This might be the most obvious point where my intuitions differ from my fellow researchers’. One day I was thinking about Eliezer’s coherent extrapolated volition proposal (CEV), and it occurred to me that though the coherence part seemed pretty manageable, the bit about extrapolation dynamics promised to be a philosophical nightmare. The idea seemed misguided in the first place. Give people what they wanted if they knew more? What if they don’t want to know more? Nerds are genuinely curious, but normal people, even smart normal people, have no problem with not understanding the universe. Is this a justified violation of peoples’ volitions? But I hadn’t paid attention to this sense of ugliness until I realized that not only would extrapolation feel wrong, it might not even be necessary in the first place. Why is it, again, that we can’t just give people what they want?
Here are some common objections to this proposal in bold, followed by my replies. You should probably read my previous posts before tackling this one; your objections might be thereby addressed, and I might be thinking of things in a way that makes more sense than you think it might.

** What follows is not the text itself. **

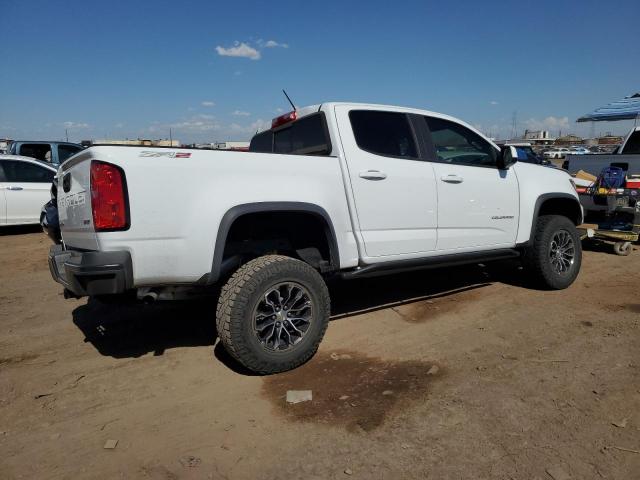 1GCGTEEN4N1164067 - 2022 CHEVROLET COLORADO ZR2 WHITE photo 3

- Humans might have silly wants. Let’s make it clear that I’m not talking about what humans think they want: another SUV, more money, a catgirl, whatever. Perhaps parts of them really do want these things, in which case the AI would deliver. But it’s more probable that these are things that are just convenient for fulfilling some other more terminal value of some of the mind’s algorithms, in which case the AI would provide the terminal value. Now, I personally am not too impressed with the average human. But I do not want to steal their volition and give them values that I think are less silly, simply because I’m smarter than them. I mean, I kind of do, and the AI will take into account that I want the world to be light and good and not like Idiocracy. But if I’m trying to not be a dick, then letting people have what they want seems like an okay idea. And even so I’m optimistic about humanity resolving its confusions.

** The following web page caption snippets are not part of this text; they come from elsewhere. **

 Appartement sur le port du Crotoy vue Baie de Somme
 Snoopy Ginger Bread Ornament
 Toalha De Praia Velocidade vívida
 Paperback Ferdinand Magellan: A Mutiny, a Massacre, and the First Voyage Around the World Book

- What if they really do want to go to the Christian heaven? Then let them go to the Christian heaven! We have resources to spare. And if they get there and realize they’d have more fun somewhere else, well, the AI will keep track of their implicit preferences — even if the Christians would never explicitly announce they were dissatisfied with the paradise they’d been promised. And anyway, it sounded like a trippy place.
- Humans might want to destroy themselves. I really don’t think this is likely. In the language of Buddhism, all beings have the potential for Enlightenment. The algorithms that have driven the amazing progress in the world over the last many thousands of years are in every properly functioning adult human. We have had suicidal tendencies on both an individual level and a cultural one, this is true. But this is mostly because there is suffering in the world that is unbearable, or because different parts of us disagree about how to stop the suffering. There would be no need to destroy ourselves, if we could have our wishes fulfilled. Having to survive in an evolutionary setting caused humans to acquire fairly robust drives. I’m not sure this generalizes to scenarios where their drives are actually fulfilled for once, but it’s worth noting that humans don’t eat pure salt even though it’s delicious and EEA-nutritious.
- What if humans enter a hell universe but lose their minds and thus their preference for escaping? I don’t think this will happen, and I don’t want it to happen. In fact, I think the vast majority of people wouldn’t want this to happen to each another. If the AI is giving people what they want, then the AI won’t allow this to happen.
- Imagine a man who has unknowingly worn a blindfold his entire life, and therefore nowhere in his brain is there a preference for removing this imposed ignorance, even though he would want the blindfold removed if he knew it was there. This is a neat argument, but the premise is horribly unlikely, because humans are curious. A drive for curiosity, to figure out the world, to acquire new information, to become unbiased, to learn; if anywhere in the mind of the human exists the seed of this preference, then the AI will remove the blindfold of the man and of mankind. But human minds may not be ready for such a full enlightenment all at once, and we may want other things as well. The AI will take into account these implicit preferences.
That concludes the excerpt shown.